We were hardly able to work on Winbox remotely . Moreover on the 10/100 nic we got 30mbps traffic the 55000 packets per second and we coul dbarely work on the router.
Moving all traffic to the other gigE we were able to work a little with the system though cpu remained at 100%. Null routing the targeted server helped us come back in control .
What I would like to understand is how do we prevent this from happenign next time and stop these kind of disruptions, do we need to upgrade anything in the router ?
Also whats the max pps MT can do keeping in mind we do plain routing and a few (30-40) policy routes.
Over the past few years we have had some ddos attacks as well… things I’ve found that help:
Turn off firewall logging if possible. Logging will kill the router under a high pps load where everything is getting dropped. We we’re seeing 200,000pps once and it almost handled it after turning off logging.
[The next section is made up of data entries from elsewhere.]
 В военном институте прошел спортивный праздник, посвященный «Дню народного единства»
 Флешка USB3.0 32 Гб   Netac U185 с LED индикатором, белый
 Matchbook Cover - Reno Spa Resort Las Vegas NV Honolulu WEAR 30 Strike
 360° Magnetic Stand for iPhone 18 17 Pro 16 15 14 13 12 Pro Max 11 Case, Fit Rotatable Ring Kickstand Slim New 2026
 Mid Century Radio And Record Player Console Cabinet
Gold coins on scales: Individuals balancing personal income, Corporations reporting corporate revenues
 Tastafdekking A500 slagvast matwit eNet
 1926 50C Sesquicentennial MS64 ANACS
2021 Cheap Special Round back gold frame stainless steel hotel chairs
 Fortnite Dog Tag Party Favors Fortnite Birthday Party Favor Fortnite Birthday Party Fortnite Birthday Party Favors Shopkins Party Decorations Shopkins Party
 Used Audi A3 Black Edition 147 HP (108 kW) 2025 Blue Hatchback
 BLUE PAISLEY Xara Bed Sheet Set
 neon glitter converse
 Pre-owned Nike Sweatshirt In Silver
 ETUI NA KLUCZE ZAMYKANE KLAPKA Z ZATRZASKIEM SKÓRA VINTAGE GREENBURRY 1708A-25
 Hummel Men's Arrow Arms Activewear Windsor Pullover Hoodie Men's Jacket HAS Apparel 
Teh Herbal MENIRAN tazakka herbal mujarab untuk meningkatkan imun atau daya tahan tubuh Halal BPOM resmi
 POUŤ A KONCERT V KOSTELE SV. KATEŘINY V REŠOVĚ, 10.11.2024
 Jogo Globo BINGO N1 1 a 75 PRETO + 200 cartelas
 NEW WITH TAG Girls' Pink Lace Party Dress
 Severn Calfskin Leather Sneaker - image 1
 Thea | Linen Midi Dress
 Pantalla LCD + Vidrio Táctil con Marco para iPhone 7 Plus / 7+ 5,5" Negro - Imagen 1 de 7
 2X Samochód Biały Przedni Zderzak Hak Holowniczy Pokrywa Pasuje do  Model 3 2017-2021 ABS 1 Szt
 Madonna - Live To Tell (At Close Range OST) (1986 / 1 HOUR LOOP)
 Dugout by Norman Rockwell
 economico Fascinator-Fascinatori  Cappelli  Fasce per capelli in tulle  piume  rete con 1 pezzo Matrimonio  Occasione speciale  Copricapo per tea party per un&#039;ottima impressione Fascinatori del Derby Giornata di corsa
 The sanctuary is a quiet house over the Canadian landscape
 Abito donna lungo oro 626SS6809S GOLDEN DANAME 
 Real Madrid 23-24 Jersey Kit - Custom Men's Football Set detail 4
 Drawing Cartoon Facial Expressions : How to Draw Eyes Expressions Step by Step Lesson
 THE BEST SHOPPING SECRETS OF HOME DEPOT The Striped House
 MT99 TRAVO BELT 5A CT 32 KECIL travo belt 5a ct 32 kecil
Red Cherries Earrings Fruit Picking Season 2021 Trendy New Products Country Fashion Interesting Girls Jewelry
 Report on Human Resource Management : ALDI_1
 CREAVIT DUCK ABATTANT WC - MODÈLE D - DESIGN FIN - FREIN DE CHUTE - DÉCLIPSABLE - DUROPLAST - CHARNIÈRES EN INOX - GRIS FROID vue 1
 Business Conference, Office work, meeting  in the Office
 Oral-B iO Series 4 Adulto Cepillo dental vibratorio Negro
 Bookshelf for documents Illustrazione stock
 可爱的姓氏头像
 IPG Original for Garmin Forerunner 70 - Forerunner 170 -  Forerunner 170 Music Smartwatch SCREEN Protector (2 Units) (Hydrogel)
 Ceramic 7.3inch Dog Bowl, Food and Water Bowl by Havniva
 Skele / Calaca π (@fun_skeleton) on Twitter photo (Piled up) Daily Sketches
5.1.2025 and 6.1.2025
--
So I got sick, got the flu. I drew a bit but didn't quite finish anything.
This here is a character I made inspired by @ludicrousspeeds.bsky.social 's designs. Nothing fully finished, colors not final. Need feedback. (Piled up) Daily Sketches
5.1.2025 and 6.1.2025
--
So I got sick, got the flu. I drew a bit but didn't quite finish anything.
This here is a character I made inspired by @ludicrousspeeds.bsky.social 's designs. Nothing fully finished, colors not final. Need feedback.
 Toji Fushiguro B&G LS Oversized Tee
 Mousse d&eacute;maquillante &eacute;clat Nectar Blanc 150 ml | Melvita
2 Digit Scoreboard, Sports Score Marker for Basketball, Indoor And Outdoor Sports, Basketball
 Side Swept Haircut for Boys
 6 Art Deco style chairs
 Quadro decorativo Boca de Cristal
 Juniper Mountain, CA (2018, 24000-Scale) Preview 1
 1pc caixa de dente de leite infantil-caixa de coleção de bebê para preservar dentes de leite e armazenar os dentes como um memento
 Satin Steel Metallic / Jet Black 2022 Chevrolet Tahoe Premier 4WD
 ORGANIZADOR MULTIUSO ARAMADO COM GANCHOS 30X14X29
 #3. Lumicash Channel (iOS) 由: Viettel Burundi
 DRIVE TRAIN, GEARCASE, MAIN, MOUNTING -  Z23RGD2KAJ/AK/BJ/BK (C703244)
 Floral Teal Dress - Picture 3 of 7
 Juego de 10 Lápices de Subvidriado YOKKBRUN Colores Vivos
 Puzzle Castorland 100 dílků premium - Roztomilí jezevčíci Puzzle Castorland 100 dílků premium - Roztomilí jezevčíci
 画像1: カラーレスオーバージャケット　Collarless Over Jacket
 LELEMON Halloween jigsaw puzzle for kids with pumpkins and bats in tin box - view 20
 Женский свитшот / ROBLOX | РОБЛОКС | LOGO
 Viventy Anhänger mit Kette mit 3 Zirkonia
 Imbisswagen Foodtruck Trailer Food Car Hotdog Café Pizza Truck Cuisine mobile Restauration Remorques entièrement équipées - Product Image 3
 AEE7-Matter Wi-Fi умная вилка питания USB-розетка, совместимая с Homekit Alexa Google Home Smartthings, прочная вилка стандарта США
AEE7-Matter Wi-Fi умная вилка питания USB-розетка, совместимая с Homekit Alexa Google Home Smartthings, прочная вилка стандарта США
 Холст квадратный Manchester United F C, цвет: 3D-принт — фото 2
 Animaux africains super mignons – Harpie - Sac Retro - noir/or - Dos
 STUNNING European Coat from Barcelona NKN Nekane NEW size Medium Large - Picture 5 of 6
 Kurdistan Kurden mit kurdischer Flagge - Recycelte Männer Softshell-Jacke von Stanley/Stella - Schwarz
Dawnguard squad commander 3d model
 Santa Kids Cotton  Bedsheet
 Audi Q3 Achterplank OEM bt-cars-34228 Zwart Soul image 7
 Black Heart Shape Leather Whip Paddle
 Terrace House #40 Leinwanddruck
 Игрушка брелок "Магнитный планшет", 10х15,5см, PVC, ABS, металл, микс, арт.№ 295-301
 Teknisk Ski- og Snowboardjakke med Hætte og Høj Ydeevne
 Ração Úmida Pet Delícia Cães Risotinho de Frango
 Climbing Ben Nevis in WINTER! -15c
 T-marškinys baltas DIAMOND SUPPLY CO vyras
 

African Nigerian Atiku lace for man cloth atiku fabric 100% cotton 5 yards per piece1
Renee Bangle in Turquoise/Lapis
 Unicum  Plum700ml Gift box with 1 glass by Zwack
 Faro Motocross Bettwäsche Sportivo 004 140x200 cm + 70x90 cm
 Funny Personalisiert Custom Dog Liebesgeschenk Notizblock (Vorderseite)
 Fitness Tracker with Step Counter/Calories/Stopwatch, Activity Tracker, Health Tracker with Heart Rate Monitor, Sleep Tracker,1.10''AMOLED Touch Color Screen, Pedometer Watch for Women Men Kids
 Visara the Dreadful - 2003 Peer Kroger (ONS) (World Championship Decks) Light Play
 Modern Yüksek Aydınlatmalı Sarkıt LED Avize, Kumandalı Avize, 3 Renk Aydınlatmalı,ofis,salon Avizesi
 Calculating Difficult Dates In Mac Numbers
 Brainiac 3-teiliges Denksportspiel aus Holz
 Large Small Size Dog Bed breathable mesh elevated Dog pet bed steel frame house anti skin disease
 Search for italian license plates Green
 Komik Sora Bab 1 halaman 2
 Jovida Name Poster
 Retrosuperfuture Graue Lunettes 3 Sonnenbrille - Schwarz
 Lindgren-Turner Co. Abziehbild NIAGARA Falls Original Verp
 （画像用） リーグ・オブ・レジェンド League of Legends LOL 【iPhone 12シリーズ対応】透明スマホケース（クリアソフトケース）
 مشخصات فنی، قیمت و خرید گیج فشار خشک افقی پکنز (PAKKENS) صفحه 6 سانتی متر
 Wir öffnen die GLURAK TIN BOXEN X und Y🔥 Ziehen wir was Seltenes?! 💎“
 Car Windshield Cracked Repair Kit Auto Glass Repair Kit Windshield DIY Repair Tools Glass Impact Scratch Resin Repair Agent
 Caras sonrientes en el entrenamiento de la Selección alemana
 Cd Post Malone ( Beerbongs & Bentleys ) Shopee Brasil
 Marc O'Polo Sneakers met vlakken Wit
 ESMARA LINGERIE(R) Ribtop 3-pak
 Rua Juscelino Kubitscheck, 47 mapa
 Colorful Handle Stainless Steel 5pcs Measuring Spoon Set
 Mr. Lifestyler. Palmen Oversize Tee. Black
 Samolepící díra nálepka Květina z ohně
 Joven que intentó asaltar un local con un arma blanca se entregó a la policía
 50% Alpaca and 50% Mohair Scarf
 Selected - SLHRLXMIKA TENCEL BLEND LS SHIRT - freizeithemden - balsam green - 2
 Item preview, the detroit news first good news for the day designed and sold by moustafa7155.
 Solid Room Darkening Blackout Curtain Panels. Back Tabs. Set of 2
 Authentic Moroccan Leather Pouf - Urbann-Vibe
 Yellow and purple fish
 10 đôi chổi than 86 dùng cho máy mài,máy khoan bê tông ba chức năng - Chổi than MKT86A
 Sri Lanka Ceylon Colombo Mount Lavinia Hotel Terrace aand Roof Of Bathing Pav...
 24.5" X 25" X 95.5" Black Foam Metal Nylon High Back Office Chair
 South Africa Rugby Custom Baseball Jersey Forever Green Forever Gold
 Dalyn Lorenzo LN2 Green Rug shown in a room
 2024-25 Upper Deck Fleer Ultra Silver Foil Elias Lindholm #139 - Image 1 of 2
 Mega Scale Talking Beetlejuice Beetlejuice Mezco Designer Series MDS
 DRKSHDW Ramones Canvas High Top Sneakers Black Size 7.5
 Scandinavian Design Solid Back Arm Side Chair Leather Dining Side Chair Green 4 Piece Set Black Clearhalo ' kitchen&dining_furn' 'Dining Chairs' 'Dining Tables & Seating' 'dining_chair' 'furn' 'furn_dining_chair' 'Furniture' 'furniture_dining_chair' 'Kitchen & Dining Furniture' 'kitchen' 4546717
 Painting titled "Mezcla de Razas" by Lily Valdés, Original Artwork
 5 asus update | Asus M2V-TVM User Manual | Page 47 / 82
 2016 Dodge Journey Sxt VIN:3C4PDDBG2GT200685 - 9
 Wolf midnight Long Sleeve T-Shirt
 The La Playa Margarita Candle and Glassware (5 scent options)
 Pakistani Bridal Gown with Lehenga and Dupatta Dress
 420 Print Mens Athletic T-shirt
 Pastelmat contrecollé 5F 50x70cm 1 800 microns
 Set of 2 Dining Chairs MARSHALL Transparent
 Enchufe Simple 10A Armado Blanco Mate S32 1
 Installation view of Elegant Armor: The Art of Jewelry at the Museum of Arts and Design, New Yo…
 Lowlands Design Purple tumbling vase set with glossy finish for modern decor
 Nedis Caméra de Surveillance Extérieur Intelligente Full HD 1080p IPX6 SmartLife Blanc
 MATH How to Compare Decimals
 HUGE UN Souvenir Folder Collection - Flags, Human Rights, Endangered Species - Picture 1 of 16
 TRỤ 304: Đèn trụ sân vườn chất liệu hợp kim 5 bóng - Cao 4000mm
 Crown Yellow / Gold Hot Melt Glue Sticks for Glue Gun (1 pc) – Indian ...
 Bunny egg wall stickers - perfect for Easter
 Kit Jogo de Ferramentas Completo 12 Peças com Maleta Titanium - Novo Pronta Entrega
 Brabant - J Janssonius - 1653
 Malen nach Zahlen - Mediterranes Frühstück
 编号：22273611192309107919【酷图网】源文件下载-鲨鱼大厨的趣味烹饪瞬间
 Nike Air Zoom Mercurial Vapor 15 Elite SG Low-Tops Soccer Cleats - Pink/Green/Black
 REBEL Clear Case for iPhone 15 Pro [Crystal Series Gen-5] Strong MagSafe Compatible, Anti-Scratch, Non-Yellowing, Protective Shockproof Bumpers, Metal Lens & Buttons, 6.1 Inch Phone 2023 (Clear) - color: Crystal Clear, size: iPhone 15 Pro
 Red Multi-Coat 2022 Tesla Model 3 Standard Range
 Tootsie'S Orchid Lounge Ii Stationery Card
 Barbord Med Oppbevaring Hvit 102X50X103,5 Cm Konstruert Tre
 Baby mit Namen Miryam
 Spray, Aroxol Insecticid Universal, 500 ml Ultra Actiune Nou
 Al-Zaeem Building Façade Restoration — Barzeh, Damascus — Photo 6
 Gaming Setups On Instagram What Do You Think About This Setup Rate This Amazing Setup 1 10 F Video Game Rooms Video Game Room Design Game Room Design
Limit the amount of firewall rules you have in place. Do not drop everything and then allow certain things… just allow what you need and drop the rest. Very simplistic if possible.
Do not use queues on the border router.
Do not use bgp on the firewall router.
Do not use NAT.
Create some synflood rules.
Change the connection tracking to be agressive… or just turn it off if its not needed.
Separate your border router from your core router / firewalls.